Objective: Our objective was to examine whether ED-71 can increase BMD in osteoporotic patients under vitamin D supplementation.
Design, Setting, and Patients: We conducted a randomized, double-blind, placebo-controlled clinical trial of 219 osteoporotic patients (49–87 yr of age).
Interventions: Subjects were randomly assigned to receive placebo or 0.5, 0.75, or 1.0 μg/d ED-71 for 12 months. All the subjects received 200 or 400 IU/d vitamin D3.
Main outcome measures: We assessed changes in lumbar and hip BMD and bone turnover markers from baseline.

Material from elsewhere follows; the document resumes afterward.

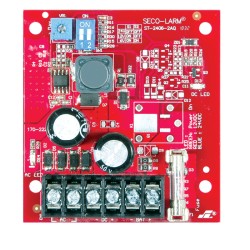 Fuente de Alimentación y Cargador - 6 o 12 o 24 Voltios - 1.5 Amp Continuo - ST-2406-2AQ Seco-Larm - 2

Results: Lumbar BMD increased with ED-71 treatment for 12 months (2.2, 2.6, and 3.1% from baseline and 2.9, 3.4, and 3.8% vs. placebo group in subjects receiving 0.5, 0.75, and 1.0 μg ED-71, respectively). Total hip BMD also increased with 0.75 and 1.0 μg ED-71 (−0.8, 0.6, and 0.9% from baseline and 0.1, 1.5, and 1.8% vs. placebo group in the 0.5, 0.75, and 1.0 μg ED-71 groups, respectively). Bone formation and resorption markers were suppressed by approximately 20% after 12 months of 0.75 and 1.0 μg ED-71 treatment. Transient hypercalcemia over 2.6 mmol/liter occurred in 7, 5, and 23% of subjects in the 0.5, 0.75, and 1.0 μg ED-71 groups, respectively, but none of them developed sustained hypercalcemia.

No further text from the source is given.